### TASK INSTRUCTIONS
Reproduce exactly the lines of the material beneath, from the line that contains "Rustic Wood Sunflower" to the line that contains "BCAK New 120W", both included, and no other lines.

### RECORDS SHOWN
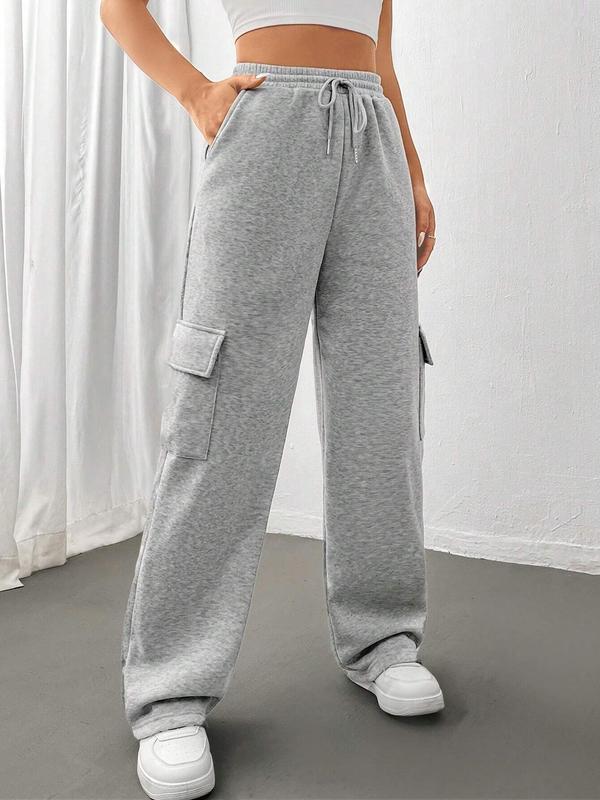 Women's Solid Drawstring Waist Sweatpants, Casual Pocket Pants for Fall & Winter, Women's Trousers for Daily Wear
* * *
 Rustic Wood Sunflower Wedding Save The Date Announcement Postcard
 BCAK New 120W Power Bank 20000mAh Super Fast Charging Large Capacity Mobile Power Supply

### EXERCISE OUTPUT
 Rustic Wood Sunflower Wedding Save The Date Announcement Postcard
 BCAK New 120W Power Bank 20000mAh Super Fast Charging Large Capacity Mobile Power Supply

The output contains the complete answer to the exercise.